Question

After hitting the spring, the block is bounced back up the ramp. The maximum compression of the spring is Δx=0.03m, and the spring constant is k=800N/m. What is the velocity of the block when it first reaches a height of 0.1m above the ground on the ramp? The mass of the block is m=0.2kg, take g=9.8m/s^2 .

Answer 1

v = 1.28 m/s

Step-by-step explanation:

Given that,

Maximum compression of the spring,
`\Delta x=0.03\ m`

Spring constant, k = 800 N/m

Mass of the block, m = 0.2 kg

To find,

The velocity of the block when it first reaches a height of 0.1 m above the ground on the ramp.

Solution,

When the block is bounced back up the ramp, the total energy of the system remains conserved.

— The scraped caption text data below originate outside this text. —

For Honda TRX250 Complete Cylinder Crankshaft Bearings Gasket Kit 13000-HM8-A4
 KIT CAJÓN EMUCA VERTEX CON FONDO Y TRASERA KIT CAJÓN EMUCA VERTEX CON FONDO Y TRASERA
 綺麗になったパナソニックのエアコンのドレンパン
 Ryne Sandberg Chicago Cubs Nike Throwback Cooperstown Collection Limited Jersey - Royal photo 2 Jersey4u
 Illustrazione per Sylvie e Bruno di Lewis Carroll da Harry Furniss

Let v is the velocity of the block such that,

Initial energy = Final energy

`(1)/(2)kx^2=mgh+(1)/(2)mv^2`

Substituting all the values in above equation,

`(1)/(2)* 800* 0.03^2=0.2* 9.8* 0.1+(1)/(2)* 0.2* v^2`

v = 1.28 m/s

Therefore the velocity of block when it first reaches a height of 0.1 m above the ground on the ramp is 1.28 m/s.